Task to carry out:
Your copy should hold exactly the lines from the one containing "Black interior arched" through the last line of the entries, and no pictures.

═══ Source information ═══

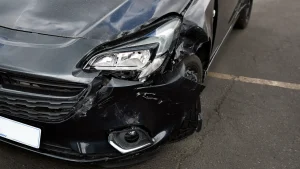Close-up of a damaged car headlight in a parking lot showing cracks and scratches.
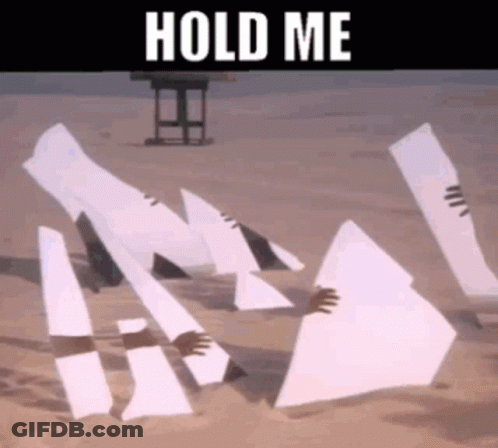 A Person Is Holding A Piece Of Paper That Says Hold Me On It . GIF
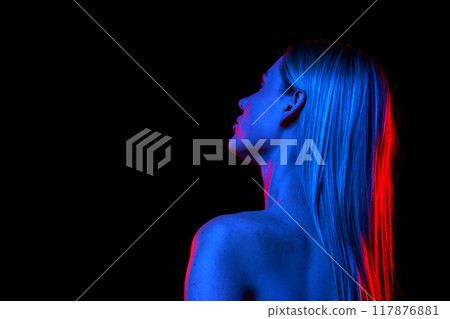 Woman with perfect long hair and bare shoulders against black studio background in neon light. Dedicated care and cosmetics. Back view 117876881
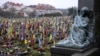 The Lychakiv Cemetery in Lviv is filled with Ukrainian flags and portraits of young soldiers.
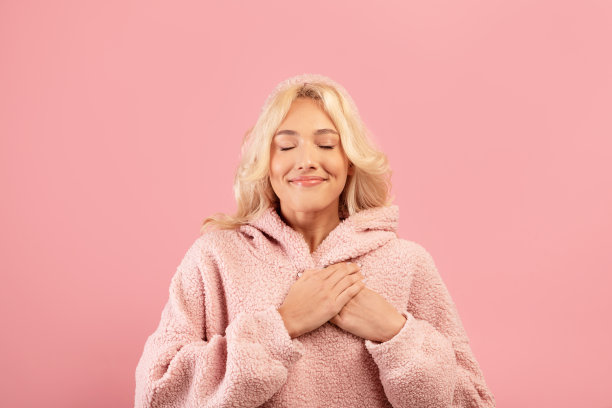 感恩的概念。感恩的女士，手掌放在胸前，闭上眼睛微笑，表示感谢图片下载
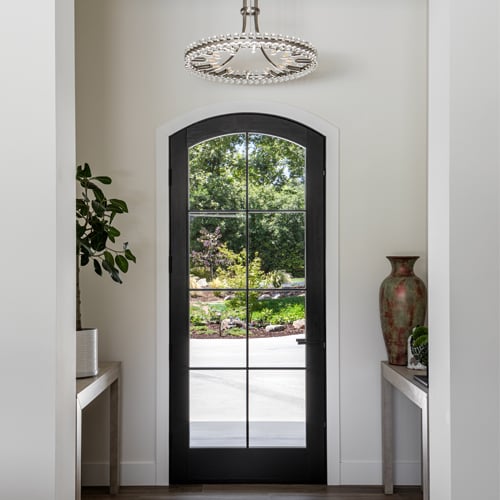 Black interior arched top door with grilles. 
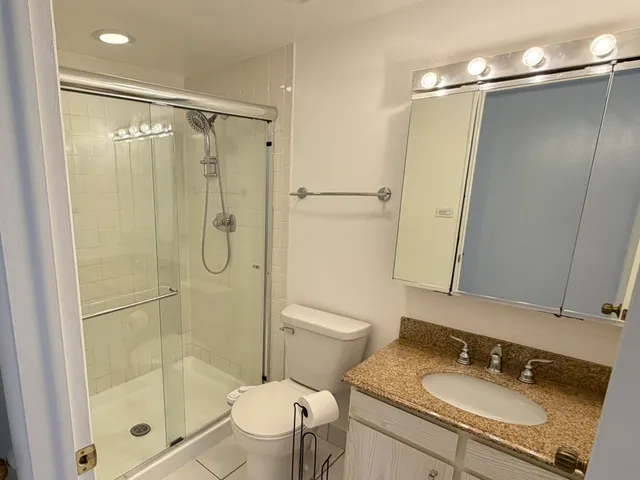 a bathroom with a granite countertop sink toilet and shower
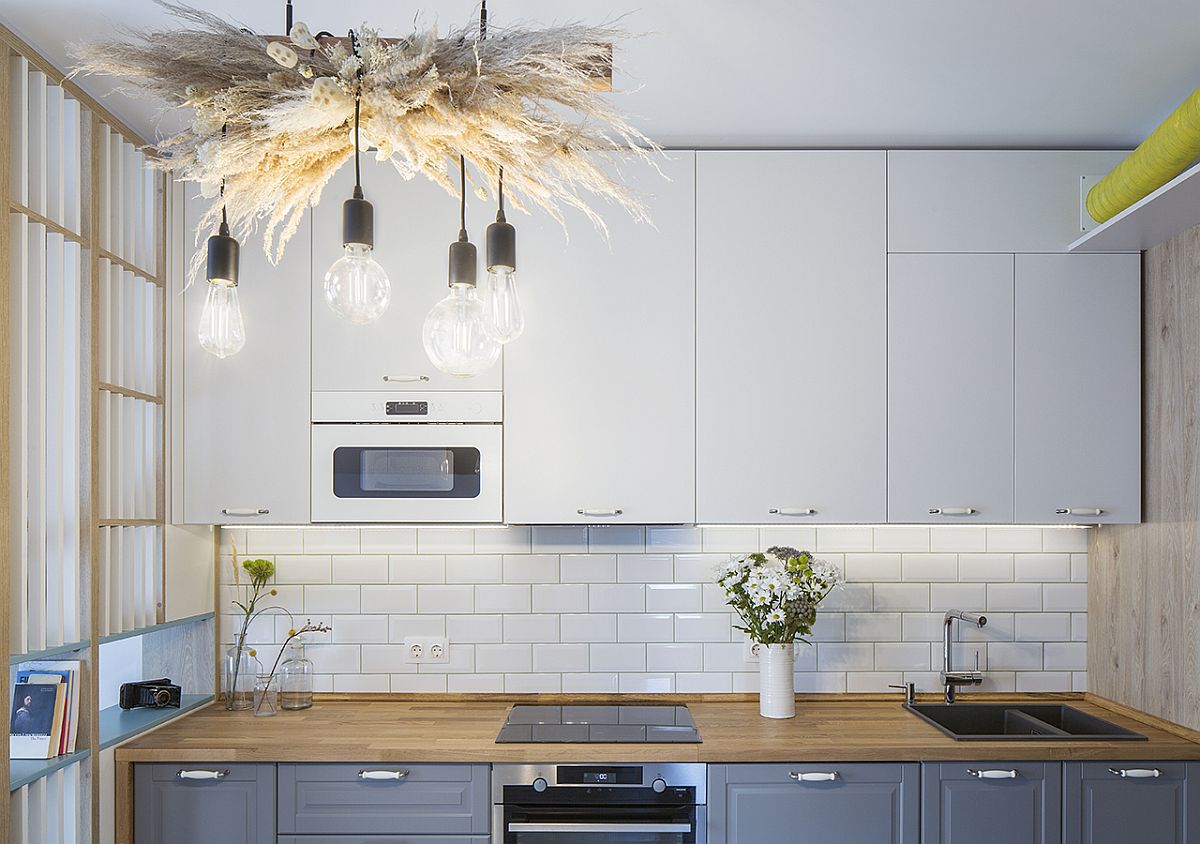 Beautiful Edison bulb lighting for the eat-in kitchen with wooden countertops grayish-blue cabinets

═══

Solved exercise:
 Black interior arched top door with grilles. 
 a bathroom with a granite countertop sink toilet and shower
 Beautiful Edison bulb lighting for the eat-in kitchen with wooden countertops grayish-blue cabinets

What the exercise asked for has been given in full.